Hace más de 20 años que mi papá trabaja en El Cerrejón, la empresa que me “ayudó” a pagar la maestría en una prestigiosa universidad privada (así dice mi papa, y no es tan fácil discutir esto con él). No es fácil hablar de esto con nadie, no es fácil entender cómo “los tales privilegios” de unos pueden convertirse en desventajas para los otros. Muchas personas no están preparadas para entender estas cosas sobre sus propias vidas, o no les interesa saber nada de esto. Quizás es mejor no poner en jaque la existencia. Tal vez exagero, tal vez muchos saben lucidamente lo que hacen y lo que son y, sin embargo, nada desvía su accionar.
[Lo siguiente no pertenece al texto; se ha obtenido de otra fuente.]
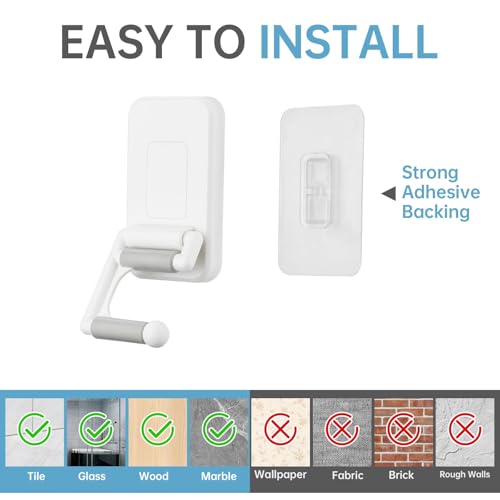 NiHome Multi-Use Wall Mounted Mop Holders 4PCS for Mops, Brooms, Tools, Umbrellas, Kitchen & Bathroom Supplies, Space-Saving Broom Holder with 180° Rotating Design, Self-Adhesive No-Drill Installation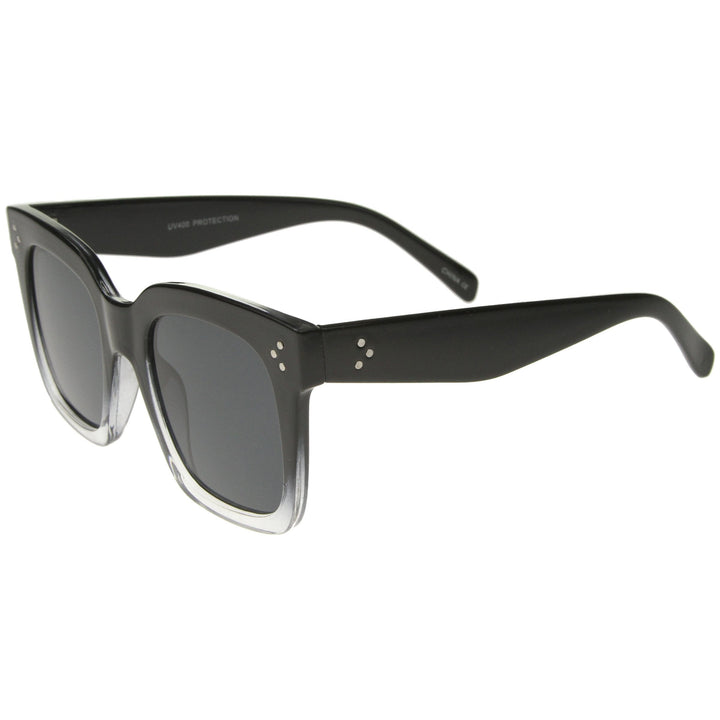 Bold Oversize Square Horned Rim Flat Lens Sunglasses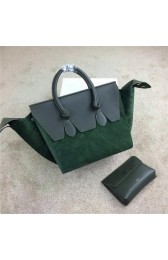 Celine Tie Top Handle Bag Suede Leather C98314 Green VS03161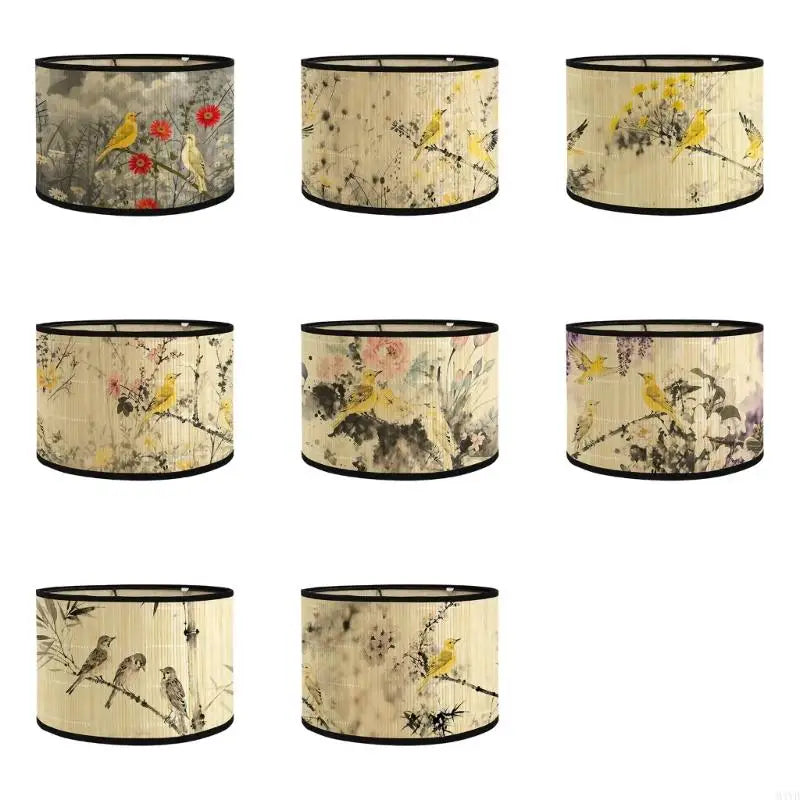 abat jour artisanal oiseaux fleurs branches beige noir jaune rose vert boucle métallique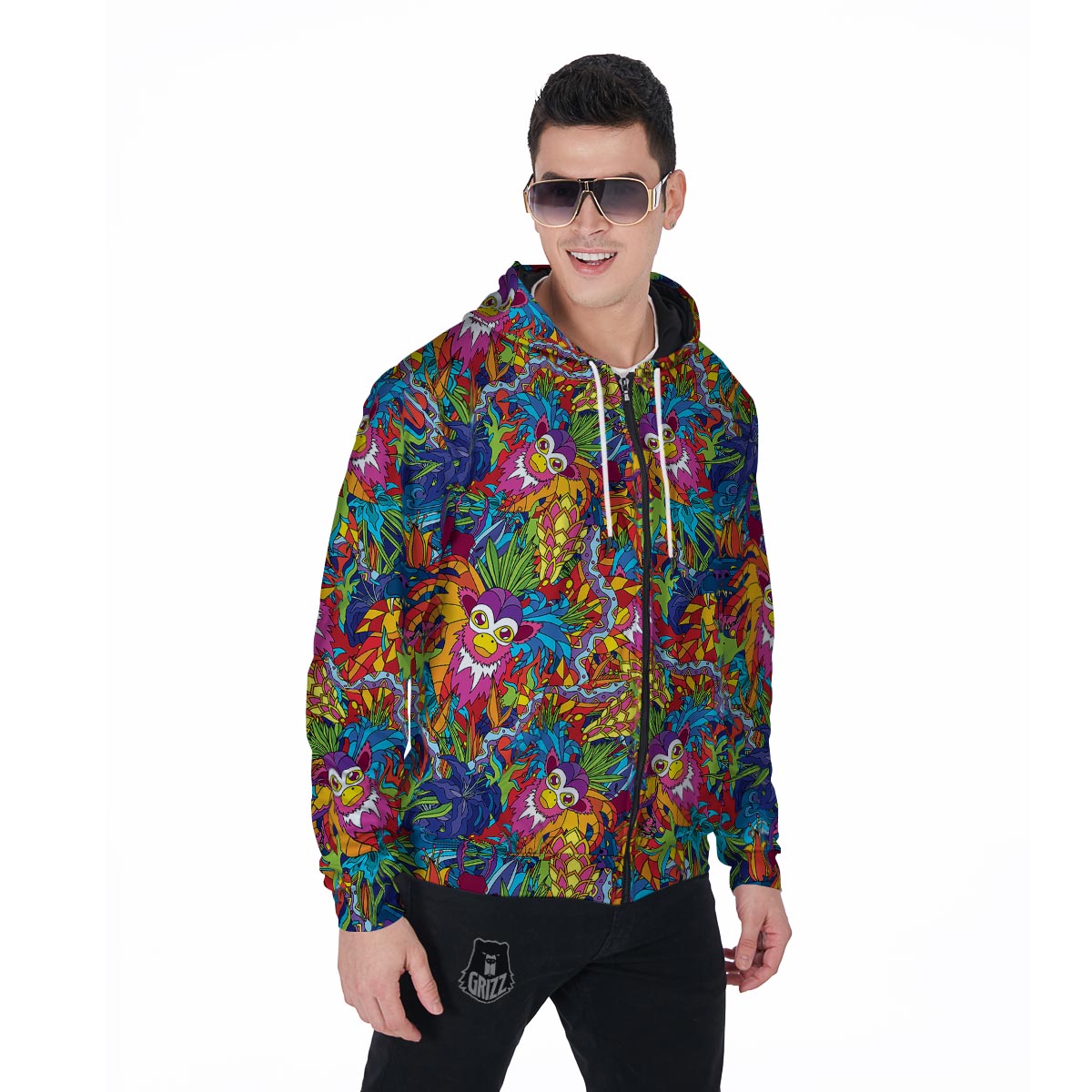 Monkey Trippy Psychedelic Men's Zip Up Hoodie-grizzshop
Hace un año fui a la Media Guajira a trabajar como nutricionista en un proyecto financiado por cooperación internacional, el cual buscaba mitigar la desnutrición, la inseguridad alimentaria y el cambio climático (con enfoque de género, diferencial, territorial y todo eso que ahora está muy de moda y que financian mucho… no podemos quejarnos las nutricionistas que nos dedicamos a esto pues tenemos muuuuucho trabajo para un buen rato). Es agobiante organizar estas palabras aquí y tratar de decir las cosas de otro modo. El Cerrejón, la misma empresa que me “ayudó” a “ser alguien” en la vida, aparece en las historias de desnutrición y muerte de muchos guajiros (niños y adultos) que se resisten a la violencia ecocida que desde la década de los 70s pervive como parte de las políticas desarrollistas (minero-extractivistas), políticas gestionadas por funcionarios públicos que se educa(ro)n y trabaja(ro)n en el centro del país.

Quiero volver pronto a La Guajira para re-encontrarme con la gente que conocí en ese entonces, con la gente de Tomarrazón y con el “Río Camarones” en donde aún se puede jugar y hacer un sancocho. Quiero volver a La Guajira para estar con aquellos que saben que las ciudades no son viables para reproducir la vida, sino el capital. Las ciudades están (des)organizadas espacialmente para que seamos menos autónomos a la hora de alimentarnos, para que no podamos vivir sin el dinero, sin consumir, para que tengamos que comprarlo todo. Quiero volver a La Guajira a vivir “mi tiempo”, no los tiempos del capital. No sé muy bien que voy a hacer, pero cada día que paso como funcionaria pública w me convenzo más de lo que NO quiero ser. Quiero volver a La Guajira para amasar las arepas del desayuno, para ir a ver si la puerca parió, para echarles maíz a las gallinas, para hacer cosas más auténticas, reales y dignas.